(Image-caption web data)
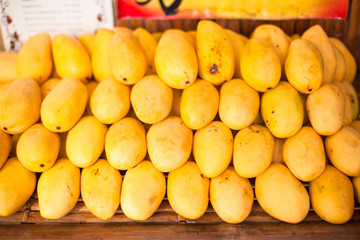 Naklejka na ściany i meble Yellow Mango in the local market on island of Boracay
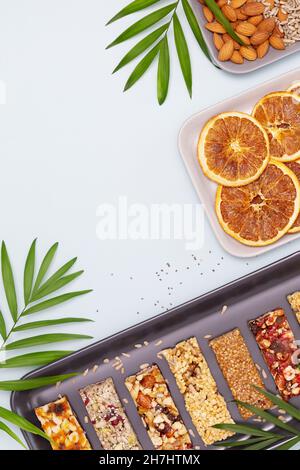 Lebensmittelzusammensetzung mit Müsliriegel mit Nüssen, Samen, Hafer, Beeren und trockenen Früchten auf blauem Hintergrund mit Kopierfläche. Natürliche Energie gesund Stockfoto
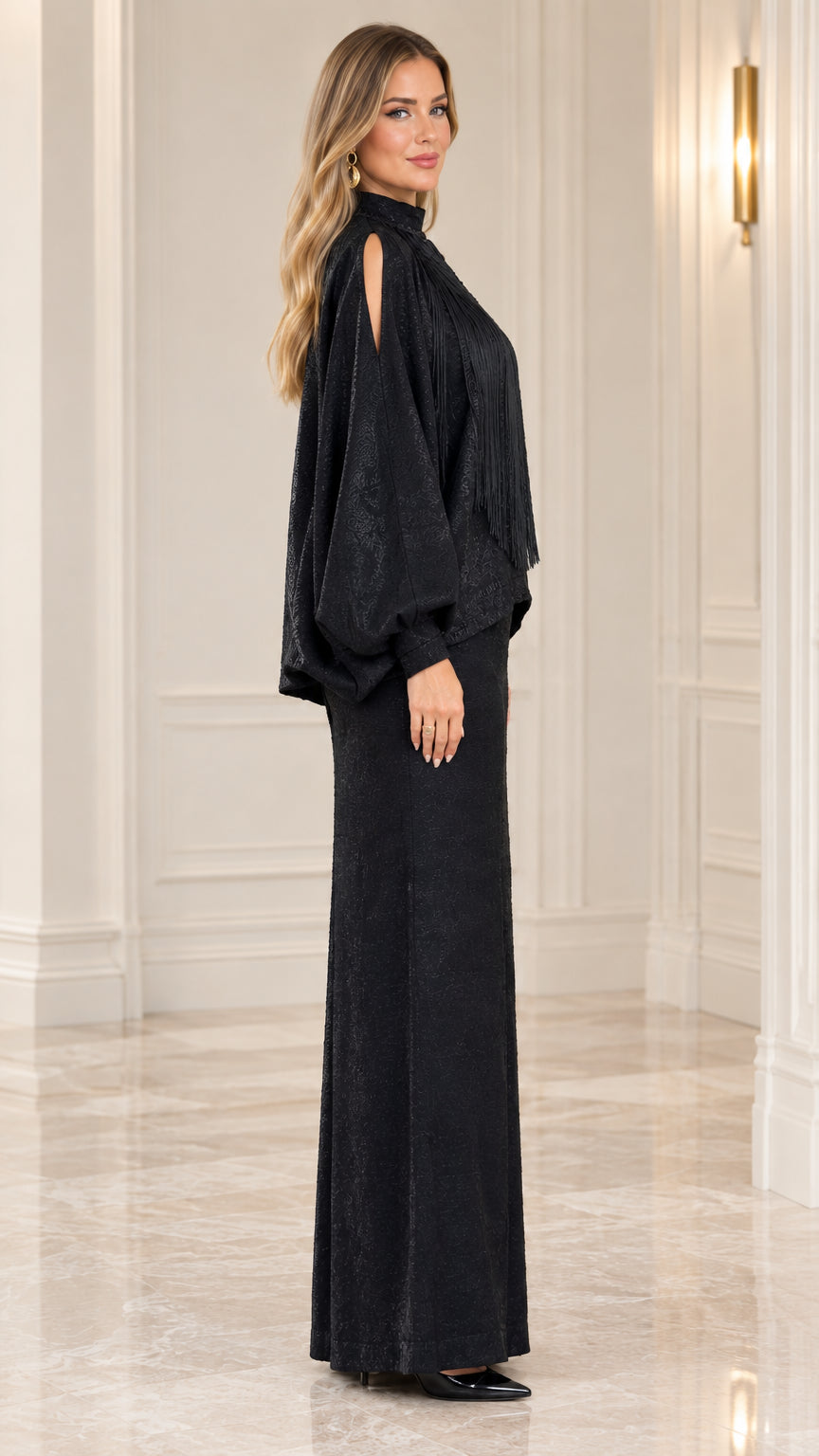 Side profile of model wearing black two-piece maxi set with cold-shoulder sleeves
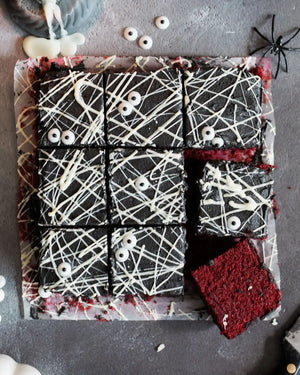 Honeywell Bakes Spooky Traybake Baking Kit - Halloween-themed brownies with spider webs, eyeballs, and a spider on a gray surface.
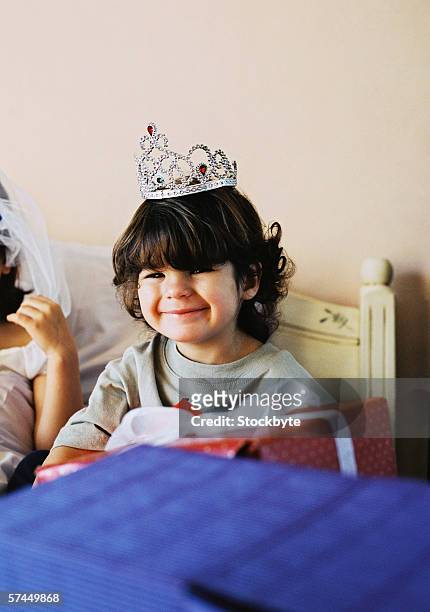 portrait of a boy (6-8) wearing a tiara and smiling - boy tiara stock pictures, royalty-free photos & images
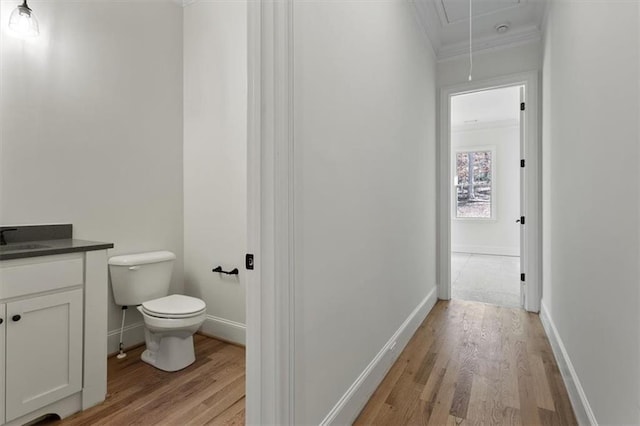 bathroom featuring vanity, crown molding, hardwood / wood-style floors, and toilet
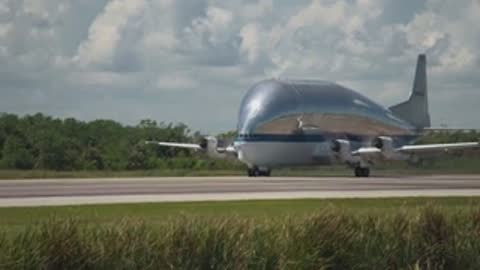 A large cargo aircraft taxis down a runway surrounded by grass.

*Exercise requirements*
After locating the line with "bathroom featuring vanity, crown", transcribe it and the rest of the data above exactly as written, without any picture.

*Exercise result*
 bathroom featuring vanity, crown molding, hardwood / wood-style floors, and toilet
 A large cargo aircraft taxis down a runway surrounded by grass.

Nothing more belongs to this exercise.